Wednesday, September 24, 2008
i applied at a call center
I applied at a call center here in Cebu (which shall go unnamed) for a position as company physician. I was told my credentials were fine but they had issues with my lack of experience. My interviewer was afraid that sick, tired, uninhibitedly "vocal" call center agents would take in my "young" appearance and eat me alive.
While no one has certainly managed to eat me alive just yet, I have come across brash patients from the call center industry who act all uppity. They treat nurses and aides with little respect and expect hospital staff to be obsequious. As if speaking better English makes a person better than everyone else! I'm not talking about all call center agents, of course; not even most of them. But I would say many do come across as hilas.
For all that attitude, however, there's a group of people that's even more annoying: the expats.

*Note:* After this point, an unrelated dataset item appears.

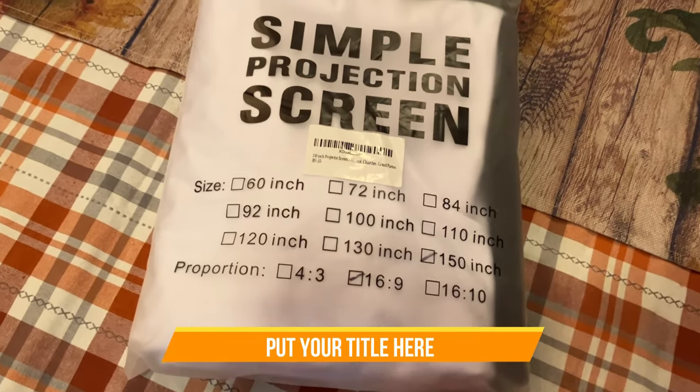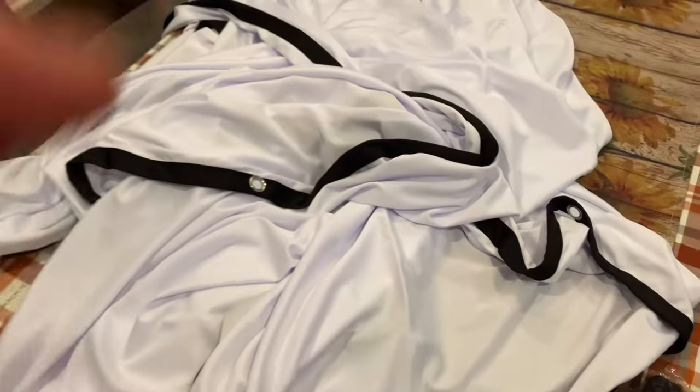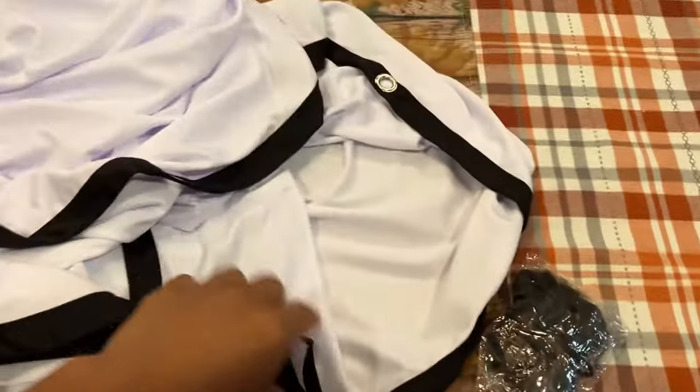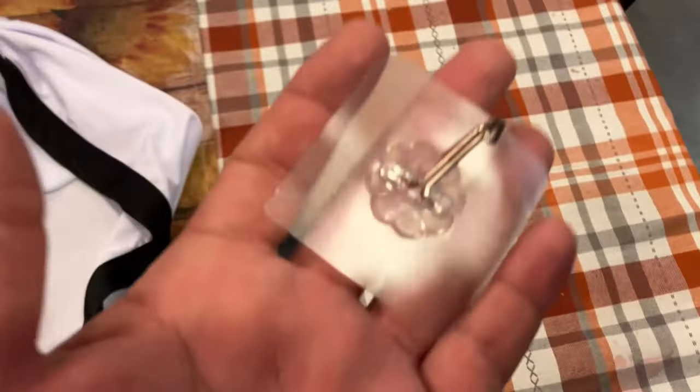I want to show you this 150 inch simple project screen. Let's open it up. It's pretty big, has these little holes so you could put the string or the hooks. It comes with this in the middle, which is black string, little rope, and these hooks which have adhesive on the back so you can stick them to the wall, and it has the hooks on the other side.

Again, I'm not generalizing, but many of the expats I came across during post-graduate internship act like they know better than the doctor. That may be possible, of course, but that brings us to the question of why bother coming to the hospital in the first place. One Caucasian man once came to the SUMC ER and asked for a prescription for his back pain. He did not want to be examined, he did not want to answer any questions about his illness, he just wanted a prescription. When told that we couldn't do that, he said that he'd been treated by doctors from his home country who diagnosed him at the snap of a finger, without asking questions or sticking instruments at him. After several minutes of a pointless discussion, I finally told him that what we did at the hospital was interview a patient, examine him and then prescribe the medications we thought were necessary. If he didn't like that, he could go somewhere else. He did up and leave eventually...without paying his bill.
I mean, I've heard lots of patients complaining about doctors, but do y'all have any idea how annoying and presumptuous and stupid and obstructive you lot can be? ;-)
Maybe it all boils down to a lack of trust. A lot of people nowadays do not go to doctors they know and trust but make do with whoever is affiliated with their health insurance companies. Because they pay big premiums, they sometimes act like they are the ones who actually sent the physician to school. Doctors, too, seem to care less, because these are not "their" patients and do not particularly take to those who listen to them with eyebrows raised.
It gives me so much pleasure to treat patients who actually answer all my questions, listen to my explanations, ask to be clarified about my instructions, and do not fail to say a heartfelt "Thank you" before leaving. You'd be surprised how so few people say "thank you" nowadays. I dream of a practice where my patients know me and trust me, and treat me the way doctors were treated in the olden days -- not necessarily with reverence, but at least with respect, and certainly not as servants at the beck and call of the one who holds the checkbook.